Just before the Memorial Day holiday — often seen as the official start of summer — we were unfortunately reminded of the dangers of Lake Erie. On Saturday, a pair of boaters was reported missing after they did not return to Geneva State Park before dark. An overturned boat was spotted by helicopter about 2 a.m. Sunday and life jackets and other items were spotted in the search area about 6:45 a.m. Sunday. As of Tuesday afternoon, the pair still had not been found by rescue workers.

Many people will be getting their boats out on the water for the first time this weekend. While the water provides plenty of great opportunities for fun, it is important to take precautions and be safe because summer fun can turn to tragedy quickly.

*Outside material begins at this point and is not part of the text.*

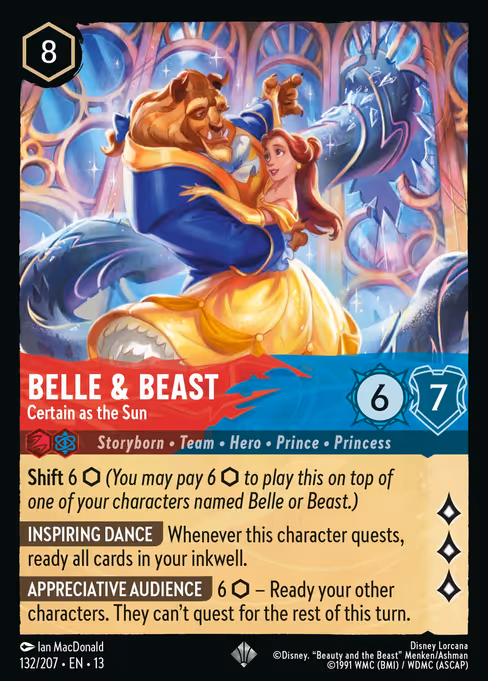 Belle & Beast - Attack of the Vine! Lorcana spoiler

According to the Great Lakes Surf Rescue Project, since 2010 there have been more than 750 Great Lakes drownings.

“I cannot stress enough that drowning really is a public health issue that needs to be treated like a public health issue,” Dave Benjamin, Great Lakes Surf Rescue Project executive director, said last fall. “A water safety school curriculum needs to be mandated and funded in the Great Lakes region as well as nationwide. Great Lakes drownings are just the tip of the iceberg of the nationwide drowning crisis.”

When it comes to being out on a boat or small craft, the top priority is boating safely and soberly. Since 2015, there have been 63 boating-related fatalities in Ohio, and of those 10 involved alcohol or drug use.

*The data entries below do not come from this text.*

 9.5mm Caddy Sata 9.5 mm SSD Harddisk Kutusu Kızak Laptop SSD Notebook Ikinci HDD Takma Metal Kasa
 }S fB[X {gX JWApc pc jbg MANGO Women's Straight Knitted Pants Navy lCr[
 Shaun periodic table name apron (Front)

Too many people fail to take alcohol seriously on the water, but there are many risks. An inebriated passenger could fall into the water and drown. While boats have “the open water” to navigate and are not often near other vessels outside of the docking area, that also makes boats vulnerable to obstacles from all angles. And, unlike when someone has too much to drink on land, Lake Erie does not offer any water Ubers.

In addition, Lake Erie is notorious for quick changes that result in dangerous conditions that come with little or no warning. All those enjoying our lakes and streams, including boaters, need to remain constantly vigilant regarding the weather conditions.

Along with being safe, boaters should be smart before ever leaving the dock. Check your engines and perform other basic safety checks to make sure the boat is up to snuff — especially the first time you take it out for the year. And the most important — and often most neglected — safety tip is to make sure there are enough life jackets on board for all passengers. It is not only important to have lifejackets on board but to actually use them, particularly for children 10 and younger who should wear a life jacket at all times.

We hope everyone has a safe and smart boating season and enjoys the upcoming holiday weekend.